GM reported fourth-quarter revenue of $45.29 billion, slightly below estimates and down 5.1% from last year. Adjusted earnings per share came in at $2.51, comfortably above expectations, which is the financial equivalent of arriving late but with snacks.

Adjusted EBIT reached $2.84 billion, just edging past forecasts. The numbers were close enough to estimates to show discipline, but far enough to earn applause.

CEO Mary Barra said 2026 should be an even better year, citing resilient demand and operational discipline. Investors nodded, appreciating both the optimism and the use of the word “discipline.”

The board raised the quarterly dividend by three cents to $0.18 per share. It also approved a $6 billion share repurchase plan, a corporate gesture that says, “We like us.”

For 2025, GM delivered adjusted EBIT of $12.7 billion, free cash flow of $10.6 billion, and adjusted EPS of $10.60. These figures landed neatly within or above guidance, which is rare enough to deserve a polite round of applause from analysts.

Barra noted that the U.S. regulatory environment now aligns more closely with customer demand. Translation: building more vehicles at home makes both customers and policymakers less grumpy.

Tariffs, once forecast to cost up to $4.5 billion, ended up costing GM $3.1 billion. In corporate terms, that qualifies as a pleasant surprise.

Looking ahead, however, GM expects another $3 billion to $4 billion in tariff costs, plus $1 billion to $1.5 billion from commodities and foreign exchange.
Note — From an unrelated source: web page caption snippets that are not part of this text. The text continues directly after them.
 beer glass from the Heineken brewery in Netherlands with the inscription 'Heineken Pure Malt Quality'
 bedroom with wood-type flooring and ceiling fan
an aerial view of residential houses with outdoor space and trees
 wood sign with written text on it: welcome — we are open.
There is also another $1 billion to $1.5 billion from onshoring and related costs, which is the price of bringing the party back home.

GM said EV unit losses should improve by $1 billion to $1.5 billion. It also expects regulatory benefits worth up to $750 million from not having to buy emissions credits, which is accounting’s version of finding a discount code.
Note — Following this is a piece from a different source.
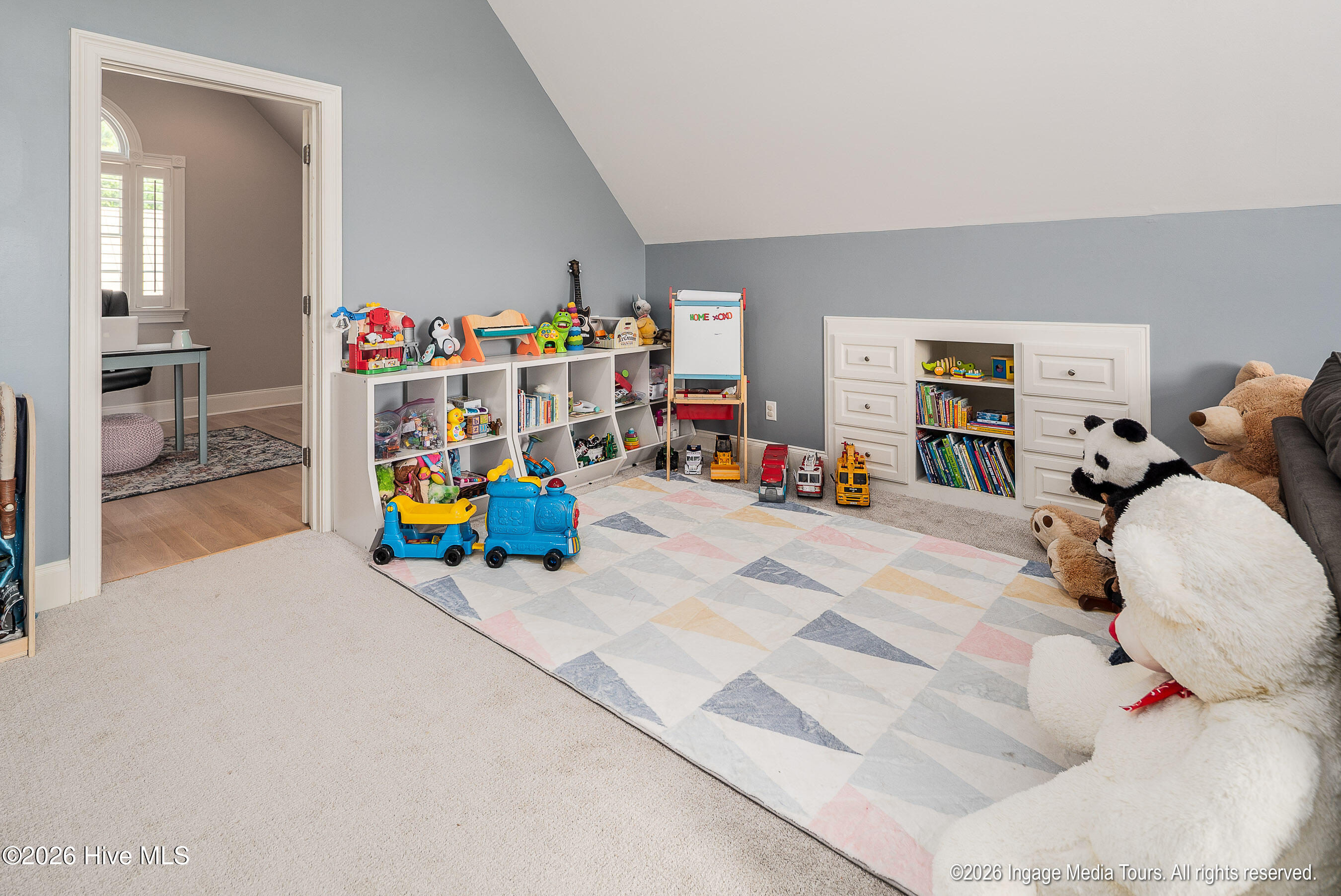 Bonus room play area with entry to office.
Earlier this month, GM took a $6 billion charge related to its EV business, citing softer demand and the loss of the federal EV tax credit. This came after a $1.6 billion charge in Q3, bringing total EV write-downs to $6.6 billion, a number large enough to require deep breaths before saying it out loud.

GM expects more EV-related charges in 2026, though “significantly smaller,” which is comforting in the way a smaller thunderstorm is comforting.

Sales told a split story. Fourth-quarter U.S. sales fell 6.9% year over year to just over 703,000 vehicles.

For the full year, however, sales rose 5.5% to 2.85 million vehicles, making GM the top-selling automaker in the U.S. again. Trucks and SUVs did most of the heavy lifting, both literally and financially.

Full-size pickup sales rose for the sixth straight year, reaching their best level in 20 years. Large SUVs such as the Tahoe, Suburban, and Yukon also helped GM win its segment for the fifth straight year.

EV sales, on the other hand, fell 43% in the fourth quarter to just over 25,000 units. GM blamed a pull-forward of sales in Q3 before the federal tax credit expired, which is a polite way of saying customers hurried earlier and relaxed later.